Hierzu schreibt Norbert Grehl-Schmitt, Vorsitzender des Flüchtlingsrats Niedersachsen, über die flucht-Liste:

„Es sei dahingestellt, ob die Äußerungen von Conrad Bramm rechtspopulistisch oder einfach unüberlegt waren. Es steht auch außer Frage, dass mehr Menschen Asylanträge gestellt haben. Die Zahl der Anträge steigt in den letzten Jahre kontinuierlich, hat auf der anderen Seite aber noch nicht annähernd die Größenordnung erreicht, die bis zur Jahrtausendwende üblich war. Auch in Belgien, Schweden, England, Österreich oder den Niederlanden ist die Zahl der Asylsuchenden gestiegen. Wen mag das eigentlich verwundern, ansgesichts der kriegerischen Auseinandersetzungen, der Bürgerkriege, der Verfolgung ethnischer Minderheiten und – nicht zuletzt – der bitteren Armut vieler Menschen? Was macht uns Angst, wenn sich Menschen in vielleicht acht Bussen aus dem Balkan – nach Rechnung des Conrad Bramm – visafrei auf den Weg nach Deutschland machen, weil ihnen hier die bittere Armut und tagtägliche Diskriminierung erspart bleibt, die sie zuhause erleben, – ein paar Tage, vielleicht Wochen, bevor der Weg zurück zu gehen ist.   
Was ist das für eine Selbstgefälligkeit, wenn Regierende, Beamte und Angestellte des Staates an die Öffentlichkeit gehen und Notstände (= Notbetten) erklären, weil mit etwa 70 Neuzugängen mehr im Monat August eine Landeseinrichtung – erstmals seit vielen Jahren – ausgelastet ist?
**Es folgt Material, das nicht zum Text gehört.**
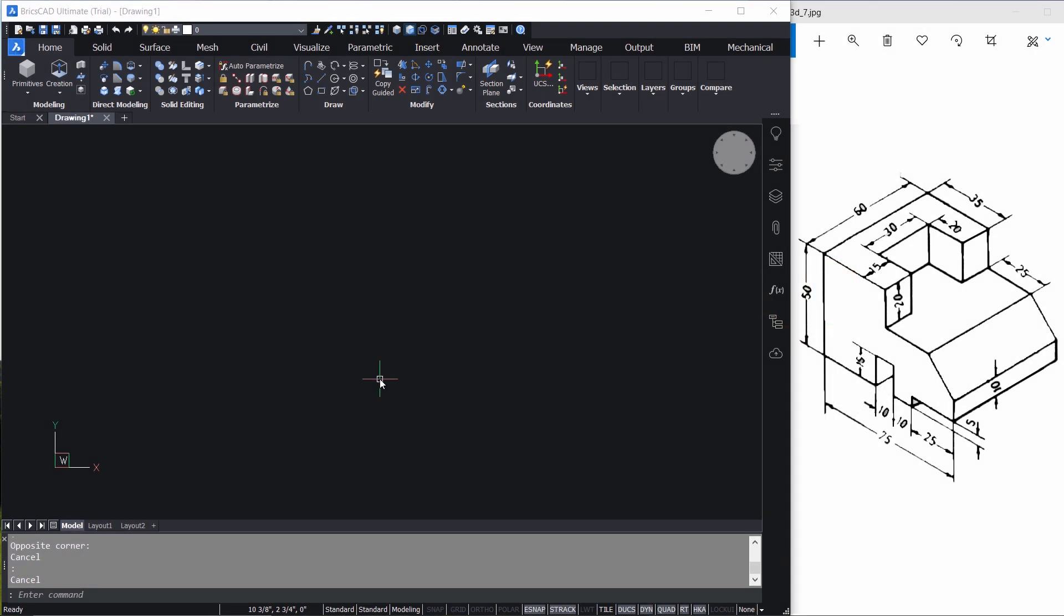Hello friends, welcome back to SabirCAD. In this tutorial video, I'll explain the procedure to create and dimension this mechanical component using the modeling module of BricsCAD.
Währenddessen nimmt die Türkei mehr als 80.000 Flüchtlinge aus Syrien auf – geht´s noch?
Hand auf´s Herz: Niemand hätte sich beklagt, hätte das Land Niedersachsen die Kommunen und die Bürger/innen öffentlich dazu aufgerufen, Wohnraum für Flüchtinge zur Verfügung zu stellen – so groß war und ist die Not dann wohl möglich doch nicht.
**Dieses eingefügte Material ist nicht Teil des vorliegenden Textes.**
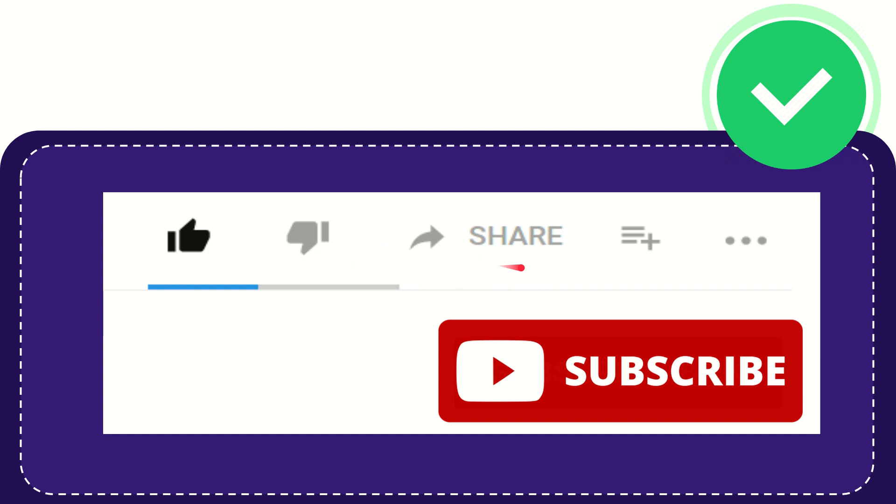Please press this subscribe button and don't forget to like this video.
Wie gern von ultra-rechts Zuwanderungsstrom-Szenarien zum Anlass genommen werden, Kübel von Hass und Schmutz auf Menschenrechtsthemen zu kippen, zeigte unlängst der NPD-Unterbezirk Göttingen in einem ebenso dümmlichen wie widerlichen Pamphlet, das immerhin unseren Innenminister Schünemann in einer Einheitsfront mit „grünen und linken Überfremdungsfanatikern“ sieht.
Kurzum: Nehmen wir letzteres zum Anlass und kehren zurück zu einer sachgerechten und vor allem humanitären Flüchtlingspolitik, die die Not der Menschen und nicht die Notbetten in den Vordergrund des öffentlichen Diskurses stellt.

In diesem Sinne herzliche Grüße!
Norbert Grehl-Schmitt
Caritasverband f.d. Diözese Osnabrück e.V.